The older approach in this article used the SpeechRecognition package with recognize_google(). That is still fine for quick experiments, but it is not the best default anymore: it depends on a free/unofficial endpoint, has practical limits, and does not give you modern features such as strong multilingual accuracy, robust long-audio handling, voice activity detection, or high-quality timestamps.

As of May 14, 2026, a better Python speech-to-text stack is:

  • OpenAI gpt-4o-transcribe: a high-accuracy hosted API option for production transcription.
  • OpenAI gpt-4o-mini-transcribe: a cheaper hosted option when cost matters more than maximum accuracy.
  • Faster-Whisper: a fast local/offline implementation of Whisper using CTranslate2, great when you want privacy or no per-minute API cost.
  • Groq Whisper: a very fast hosted Whisper API, useful when you want low latency and OpenAI-compatible transcription calls.
  • WhisperX: useful when you need word-level alignment or speaker diarization for podcasts, interviews, and meetings.

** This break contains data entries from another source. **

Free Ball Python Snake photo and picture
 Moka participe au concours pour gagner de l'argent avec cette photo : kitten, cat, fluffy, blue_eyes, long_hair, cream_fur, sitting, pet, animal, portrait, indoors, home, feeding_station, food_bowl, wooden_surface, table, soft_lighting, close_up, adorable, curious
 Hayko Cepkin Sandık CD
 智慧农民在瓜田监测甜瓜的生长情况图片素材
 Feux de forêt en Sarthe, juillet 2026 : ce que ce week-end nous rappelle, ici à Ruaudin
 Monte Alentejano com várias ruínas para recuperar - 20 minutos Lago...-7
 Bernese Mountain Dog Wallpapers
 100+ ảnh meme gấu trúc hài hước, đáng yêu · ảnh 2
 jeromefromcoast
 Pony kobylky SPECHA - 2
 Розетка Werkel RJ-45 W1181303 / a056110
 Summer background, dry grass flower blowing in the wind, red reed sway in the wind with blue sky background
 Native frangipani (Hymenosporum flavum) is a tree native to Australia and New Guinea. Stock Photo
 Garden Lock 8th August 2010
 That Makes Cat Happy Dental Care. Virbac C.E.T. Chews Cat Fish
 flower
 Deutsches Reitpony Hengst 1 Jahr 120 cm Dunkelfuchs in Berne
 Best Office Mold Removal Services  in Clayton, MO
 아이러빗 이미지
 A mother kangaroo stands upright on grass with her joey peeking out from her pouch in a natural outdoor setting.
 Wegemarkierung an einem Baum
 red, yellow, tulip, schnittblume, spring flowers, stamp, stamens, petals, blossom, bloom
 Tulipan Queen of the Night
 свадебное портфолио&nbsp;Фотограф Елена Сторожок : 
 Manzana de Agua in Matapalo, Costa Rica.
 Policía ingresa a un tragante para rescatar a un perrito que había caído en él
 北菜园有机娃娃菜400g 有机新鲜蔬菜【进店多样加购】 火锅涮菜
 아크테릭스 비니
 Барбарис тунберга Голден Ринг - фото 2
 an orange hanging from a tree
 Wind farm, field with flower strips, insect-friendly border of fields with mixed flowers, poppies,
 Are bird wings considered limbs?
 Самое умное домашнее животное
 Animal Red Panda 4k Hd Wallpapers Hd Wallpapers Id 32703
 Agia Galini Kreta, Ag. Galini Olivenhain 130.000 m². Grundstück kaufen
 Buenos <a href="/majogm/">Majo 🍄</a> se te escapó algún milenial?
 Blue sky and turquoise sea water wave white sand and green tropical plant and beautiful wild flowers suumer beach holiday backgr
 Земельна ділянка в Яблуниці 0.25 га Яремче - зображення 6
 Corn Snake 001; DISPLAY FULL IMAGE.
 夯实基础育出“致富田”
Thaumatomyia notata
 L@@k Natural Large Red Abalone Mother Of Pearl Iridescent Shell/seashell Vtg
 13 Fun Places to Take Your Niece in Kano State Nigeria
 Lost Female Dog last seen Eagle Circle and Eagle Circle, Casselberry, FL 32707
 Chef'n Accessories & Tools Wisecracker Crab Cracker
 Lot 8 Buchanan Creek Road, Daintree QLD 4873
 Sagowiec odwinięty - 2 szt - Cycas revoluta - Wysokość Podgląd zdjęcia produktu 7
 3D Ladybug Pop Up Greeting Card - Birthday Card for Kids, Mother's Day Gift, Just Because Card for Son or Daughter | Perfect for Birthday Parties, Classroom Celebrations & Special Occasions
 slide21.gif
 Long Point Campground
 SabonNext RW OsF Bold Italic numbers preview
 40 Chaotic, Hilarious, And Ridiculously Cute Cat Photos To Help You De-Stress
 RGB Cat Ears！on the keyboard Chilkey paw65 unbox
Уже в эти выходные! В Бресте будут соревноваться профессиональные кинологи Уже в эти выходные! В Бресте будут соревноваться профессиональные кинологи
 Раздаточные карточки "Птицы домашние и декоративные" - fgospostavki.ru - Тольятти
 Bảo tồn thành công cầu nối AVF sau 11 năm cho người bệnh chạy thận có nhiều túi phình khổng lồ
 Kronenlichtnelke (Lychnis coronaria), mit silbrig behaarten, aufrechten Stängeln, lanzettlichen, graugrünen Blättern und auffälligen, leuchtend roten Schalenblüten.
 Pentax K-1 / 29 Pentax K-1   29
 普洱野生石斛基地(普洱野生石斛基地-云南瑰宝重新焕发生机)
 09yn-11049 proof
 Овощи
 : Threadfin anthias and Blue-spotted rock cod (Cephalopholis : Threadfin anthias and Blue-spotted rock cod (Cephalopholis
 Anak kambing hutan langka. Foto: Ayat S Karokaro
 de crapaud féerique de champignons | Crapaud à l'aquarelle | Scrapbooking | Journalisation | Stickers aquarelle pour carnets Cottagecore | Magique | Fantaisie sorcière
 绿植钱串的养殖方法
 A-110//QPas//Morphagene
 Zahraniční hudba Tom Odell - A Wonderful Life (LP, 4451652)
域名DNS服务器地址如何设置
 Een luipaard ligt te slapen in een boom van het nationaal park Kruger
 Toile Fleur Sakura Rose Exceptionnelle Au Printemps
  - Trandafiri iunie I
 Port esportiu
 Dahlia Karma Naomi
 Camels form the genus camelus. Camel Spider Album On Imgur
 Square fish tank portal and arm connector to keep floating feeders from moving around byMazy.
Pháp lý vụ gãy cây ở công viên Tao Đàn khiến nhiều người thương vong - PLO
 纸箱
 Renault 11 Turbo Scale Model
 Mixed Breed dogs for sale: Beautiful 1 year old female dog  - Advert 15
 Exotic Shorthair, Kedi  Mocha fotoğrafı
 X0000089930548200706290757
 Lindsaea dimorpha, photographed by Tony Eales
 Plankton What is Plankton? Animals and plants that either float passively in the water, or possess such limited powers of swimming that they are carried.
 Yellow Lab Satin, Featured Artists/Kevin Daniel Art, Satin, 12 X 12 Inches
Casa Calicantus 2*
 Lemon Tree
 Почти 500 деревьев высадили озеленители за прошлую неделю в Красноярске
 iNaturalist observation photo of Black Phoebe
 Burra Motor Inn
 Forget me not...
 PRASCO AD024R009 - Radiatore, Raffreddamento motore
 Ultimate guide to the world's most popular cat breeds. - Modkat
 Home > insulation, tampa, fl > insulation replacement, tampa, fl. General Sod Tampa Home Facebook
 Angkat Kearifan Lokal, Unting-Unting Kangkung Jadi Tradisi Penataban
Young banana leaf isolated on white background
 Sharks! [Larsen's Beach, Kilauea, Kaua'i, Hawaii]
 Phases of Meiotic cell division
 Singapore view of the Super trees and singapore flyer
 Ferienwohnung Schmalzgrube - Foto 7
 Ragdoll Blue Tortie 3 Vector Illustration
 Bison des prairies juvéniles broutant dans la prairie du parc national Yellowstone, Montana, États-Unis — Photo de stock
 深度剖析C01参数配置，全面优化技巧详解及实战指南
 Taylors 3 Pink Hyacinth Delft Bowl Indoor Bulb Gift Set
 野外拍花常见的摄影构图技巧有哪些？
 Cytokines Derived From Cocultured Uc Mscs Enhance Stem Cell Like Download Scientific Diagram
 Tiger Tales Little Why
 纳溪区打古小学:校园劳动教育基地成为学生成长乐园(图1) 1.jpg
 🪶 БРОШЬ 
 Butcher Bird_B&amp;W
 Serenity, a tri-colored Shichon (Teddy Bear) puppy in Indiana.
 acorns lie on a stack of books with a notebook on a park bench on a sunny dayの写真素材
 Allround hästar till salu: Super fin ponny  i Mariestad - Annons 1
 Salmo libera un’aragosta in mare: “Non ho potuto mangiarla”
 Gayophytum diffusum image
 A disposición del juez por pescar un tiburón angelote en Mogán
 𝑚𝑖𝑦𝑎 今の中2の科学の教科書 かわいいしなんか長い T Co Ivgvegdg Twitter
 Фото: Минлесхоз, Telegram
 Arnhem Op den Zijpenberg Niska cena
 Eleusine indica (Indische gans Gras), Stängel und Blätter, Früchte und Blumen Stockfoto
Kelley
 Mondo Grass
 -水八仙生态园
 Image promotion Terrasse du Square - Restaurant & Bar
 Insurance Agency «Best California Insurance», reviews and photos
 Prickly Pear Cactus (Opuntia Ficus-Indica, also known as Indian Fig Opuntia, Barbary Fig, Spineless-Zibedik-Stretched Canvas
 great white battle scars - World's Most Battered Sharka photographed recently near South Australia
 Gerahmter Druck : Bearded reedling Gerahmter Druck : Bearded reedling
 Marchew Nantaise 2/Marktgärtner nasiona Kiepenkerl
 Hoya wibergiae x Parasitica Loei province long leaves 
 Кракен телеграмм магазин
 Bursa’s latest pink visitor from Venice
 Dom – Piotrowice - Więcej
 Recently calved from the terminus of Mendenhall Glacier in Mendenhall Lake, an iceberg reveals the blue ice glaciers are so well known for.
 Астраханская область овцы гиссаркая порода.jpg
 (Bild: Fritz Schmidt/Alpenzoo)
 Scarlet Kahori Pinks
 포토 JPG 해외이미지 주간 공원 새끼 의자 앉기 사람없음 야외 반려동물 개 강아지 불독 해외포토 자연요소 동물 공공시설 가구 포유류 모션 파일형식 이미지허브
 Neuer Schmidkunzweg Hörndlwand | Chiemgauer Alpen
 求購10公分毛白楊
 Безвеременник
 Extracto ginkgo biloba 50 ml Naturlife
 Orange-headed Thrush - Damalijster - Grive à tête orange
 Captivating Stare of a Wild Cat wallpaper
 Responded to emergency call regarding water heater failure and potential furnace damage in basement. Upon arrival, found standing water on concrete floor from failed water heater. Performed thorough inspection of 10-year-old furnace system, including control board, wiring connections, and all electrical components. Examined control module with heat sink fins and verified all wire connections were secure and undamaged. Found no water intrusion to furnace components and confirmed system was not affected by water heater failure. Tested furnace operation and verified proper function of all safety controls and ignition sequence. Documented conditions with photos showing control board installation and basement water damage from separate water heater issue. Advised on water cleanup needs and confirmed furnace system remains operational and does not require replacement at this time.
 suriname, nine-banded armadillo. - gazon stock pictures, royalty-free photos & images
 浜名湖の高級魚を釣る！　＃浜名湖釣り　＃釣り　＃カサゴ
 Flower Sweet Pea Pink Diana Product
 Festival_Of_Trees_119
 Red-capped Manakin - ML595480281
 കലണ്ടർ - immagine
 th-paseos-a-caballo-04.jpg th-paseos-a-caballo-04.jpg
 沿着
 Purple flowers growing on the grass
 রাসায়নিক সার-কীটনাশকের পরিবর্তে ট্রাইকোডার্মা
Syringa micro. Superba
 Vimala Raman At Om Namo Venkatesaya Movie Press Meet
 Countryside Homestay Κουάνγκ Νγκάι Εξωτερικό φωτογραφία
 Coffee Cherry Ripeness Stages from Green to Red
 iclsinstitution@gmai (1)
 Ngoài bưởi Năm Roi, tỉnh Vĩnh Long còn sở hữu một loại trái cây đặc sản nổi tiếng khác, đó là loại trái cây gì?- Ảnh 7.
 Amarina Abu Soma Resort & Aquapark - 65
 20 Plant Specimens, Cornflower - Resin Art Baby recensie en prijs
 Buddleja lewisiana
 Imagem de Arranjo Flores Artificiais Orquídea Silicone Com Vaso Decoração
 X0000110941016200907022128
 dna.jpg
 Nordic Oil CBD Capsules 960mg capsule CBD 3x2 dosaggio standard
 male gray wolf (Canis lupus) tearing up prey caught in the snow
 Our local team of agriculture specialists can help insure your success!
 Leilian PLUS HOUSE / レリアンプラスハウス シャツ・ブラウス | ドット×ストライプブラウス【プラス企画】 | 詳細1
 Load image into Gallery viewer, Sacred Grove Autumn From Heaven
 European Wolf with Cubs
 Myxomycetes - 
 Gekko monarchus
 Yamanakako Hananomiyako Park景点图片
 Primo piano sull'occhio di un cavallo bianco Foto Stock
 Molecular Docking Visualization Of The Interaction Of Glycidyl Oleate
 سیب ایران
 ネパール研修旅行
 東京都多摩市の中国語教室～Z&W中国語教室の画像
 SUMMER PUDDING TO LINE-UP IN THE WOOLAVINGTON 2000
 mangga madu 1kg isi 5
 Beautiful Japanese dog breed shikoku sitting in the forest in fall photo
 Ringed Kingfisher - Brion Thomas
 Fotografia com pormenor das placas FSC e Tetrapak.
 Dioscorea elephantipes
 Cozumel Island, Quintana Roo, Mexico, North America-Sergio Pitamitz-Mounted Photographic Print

In this tutorial, we will focus on three practical Python solutions: OpenAI for best hosted accuracy, Faster-Whisper for local/offline transcription, and Groq for fast hosted Whisper transcription. We will also handle microphone recording, long audio files, and SRT subtitle output.

Learn also: How to Convert Text to Speech in Python.

Which Speech-to-Text Tool Should You Use?

Tool Best for Pros Trade-offs
gpt-4o-transcribe Production accuracy Excellent accuracy, multilingual, simple API Requires an API key and uploads audio to OpenAI
gpt-4o-mini-transcribe Lower-cost API transcription Cheaper and still strong for many use cases May be less accurate than the full model
Faster-Whisper Offline/local transcription Private, fast, no per-minute API cost, supports VAD Needs local CPU/GPU resources
Groq Whisper Fast hosted Whisper transcription Very low latency, OpenAI-compatible style Hosted API, model choices depend on provider
WhisperX Diarization and word timestamps Speaker labels and better alignment Heavier setup, often needs GPU/Hugging Face token for diarization

If you only want the easiest reliable solution, use gpt-4o-transcribe. If you need offline transcription or you cannot upload audio to a third party, use Faster-Whisper. If you want a fast hosted Whisper API, Groq is a good option.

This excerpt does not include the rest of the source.